社会保険労務士,渋谷区の高山です。
こんにちは。
本日は業務命令で行った「花火の場所とり中の喧嘩(ケンカ)で負傷は、労災なのか」を考えていく。
私の事務所でも終業時刻後に花火を観賞することがある。
あなたの飲食店でも、お客様にも声をかけ、店舗近くで花火を観賞会を開催することがあるだろう。
通常場所取りのために、スタッフを終業時刻より早めに出発させる。
会場となるの一画でその場で待機を業務として命じているからだ。
では、このような場所取り中に、その近くの一般訪問者とトラブルを生じ、相手方から殴られ負傷したような場合どうなるだろうか。
あなたは、どう思いますか?
労災の業務災害と認められるのか。
そこで今回は、私たちでともに考えてみましょう。
労災の業務災害と認められる理由は、何か
労災保険の業務災害と認められるためには、発生した傷病等が「業務上」のものと認められることが必要である。

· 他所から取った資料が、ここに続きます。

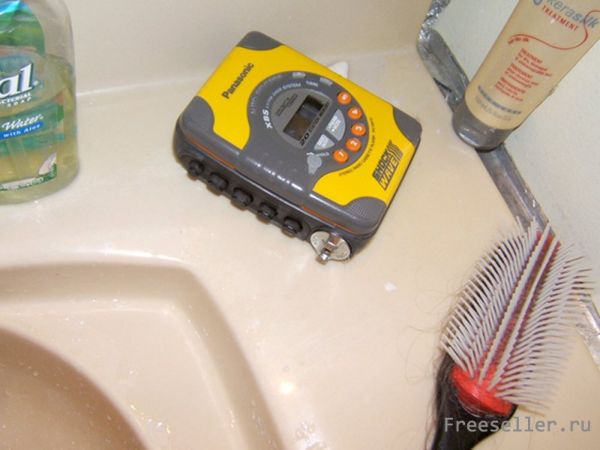 Мыльница из кассетного плеера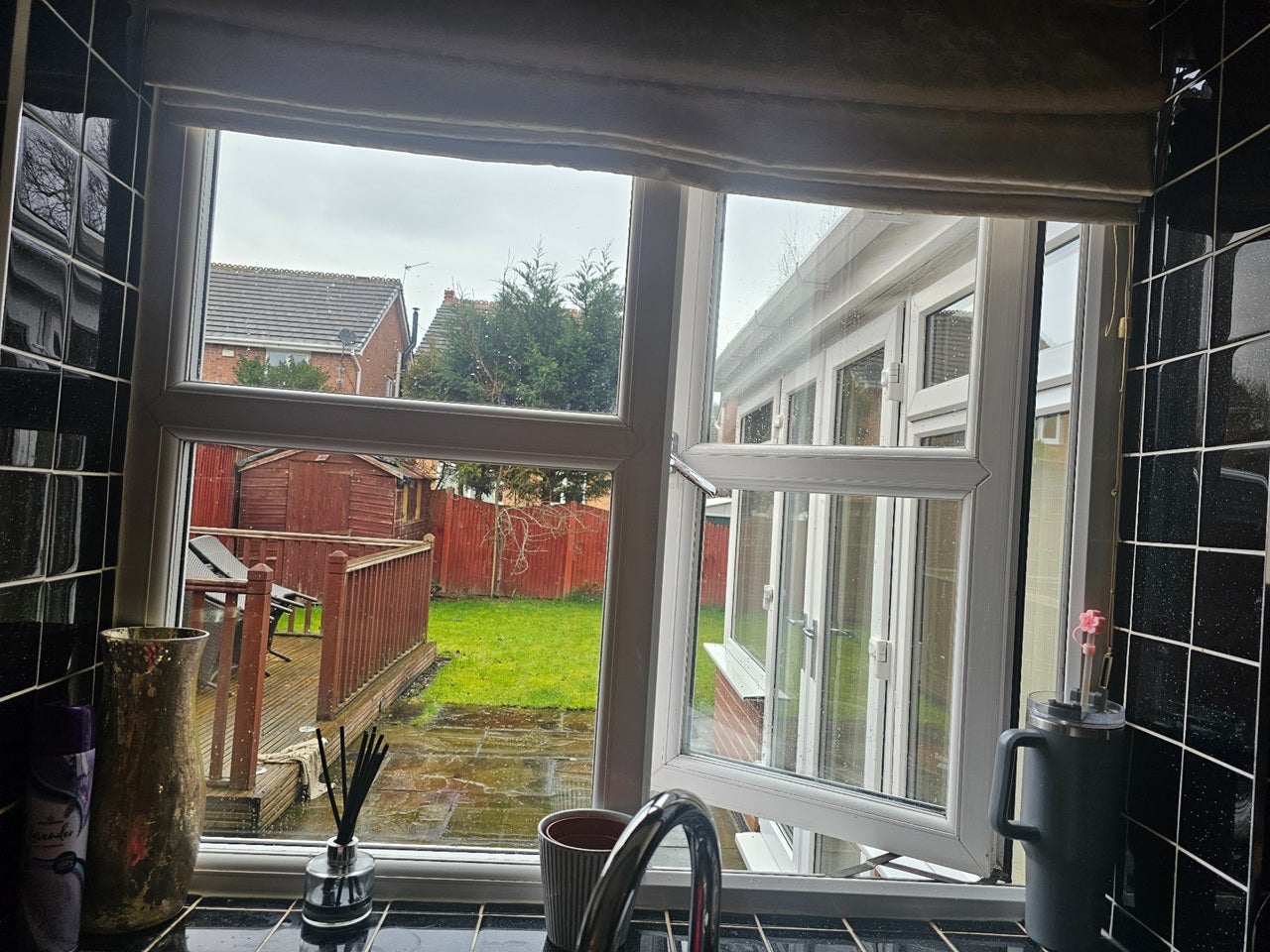 Room Hever Grove in Kirklees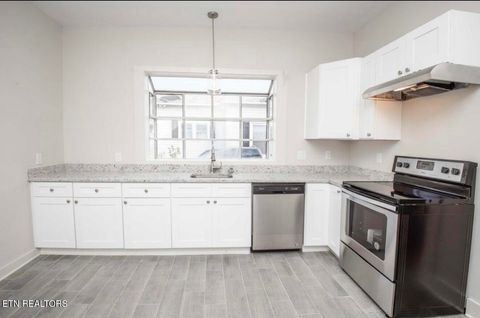 Tiny photo for 319 E Burwell Ave, Knoxville, TN 37917 (MLS # 1332173)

「業務上」と認められるには、裁判例や行政解釈では、当該傷病等が①業務遂行中に(業務遂行性)かつ②業務に起因して(業務起因性) 発生したものであることが必要とされている。
つまり、2つの要件で判断することになる。
もう少し具体的に説明しよう。
①「業務遂行性」とは、【具体的な業務の遂行中】という狭い意味ではなく労働者が労働契約を基礎として形成される使用者の支配下ないし管理下にあること。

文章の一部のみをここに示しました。